• What the task requires: Beginning with the line containing "Man throws a frisbee on the beach" and going on through the line containing "People in a", the lines below are to be returned exactly, pictures excluded and nothing added.

• Data for the task:
+===+

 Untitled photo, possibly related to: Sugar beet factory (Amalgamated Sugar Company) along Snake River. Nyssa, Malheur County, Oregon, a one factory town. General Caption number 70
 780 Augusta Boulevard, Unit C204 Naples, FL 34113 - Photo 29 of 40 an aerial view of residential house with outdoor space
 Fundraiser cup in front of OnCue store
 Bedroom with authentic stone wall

+===+

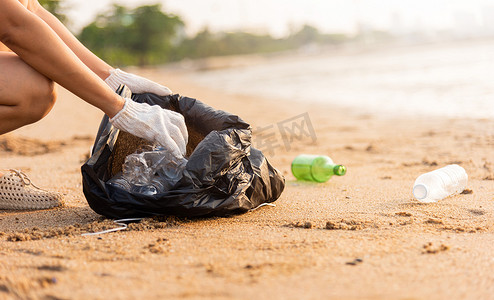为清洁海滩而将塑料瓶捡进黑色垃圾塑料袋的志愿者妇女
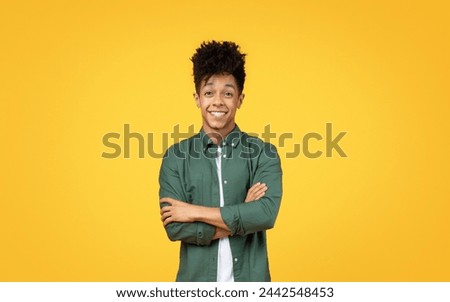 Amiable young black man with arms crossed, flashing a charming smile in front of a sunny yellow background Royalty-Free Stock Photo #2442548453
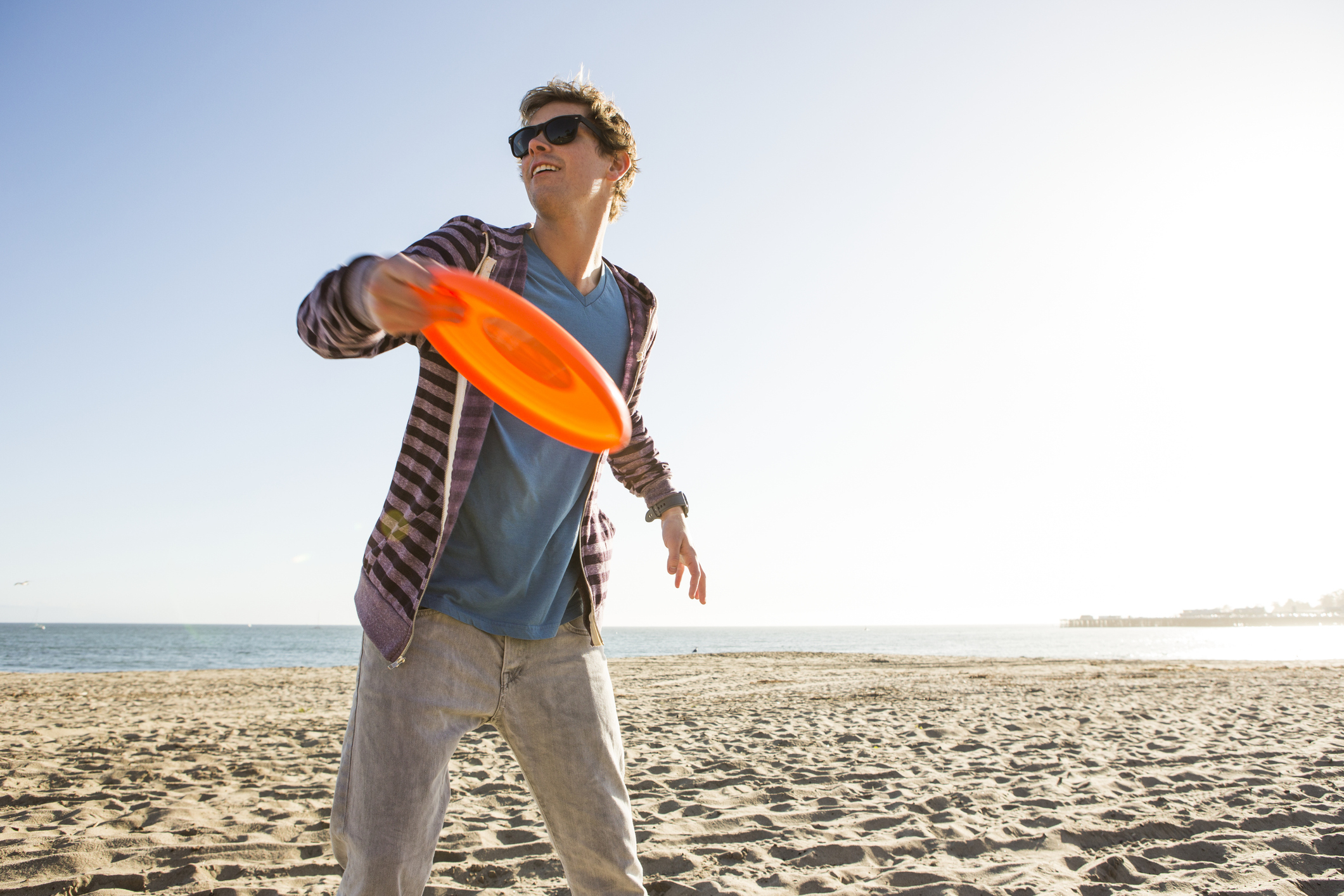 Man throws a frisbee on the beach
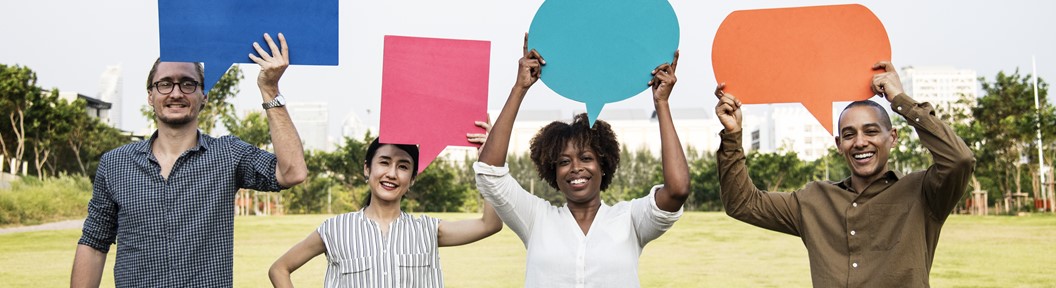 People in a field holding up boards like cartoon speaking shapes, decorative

+===+

• Answer box:
 Man throws a frisbee on the beach
 People in a field holding up boards like cartoon speaking shapes, decorative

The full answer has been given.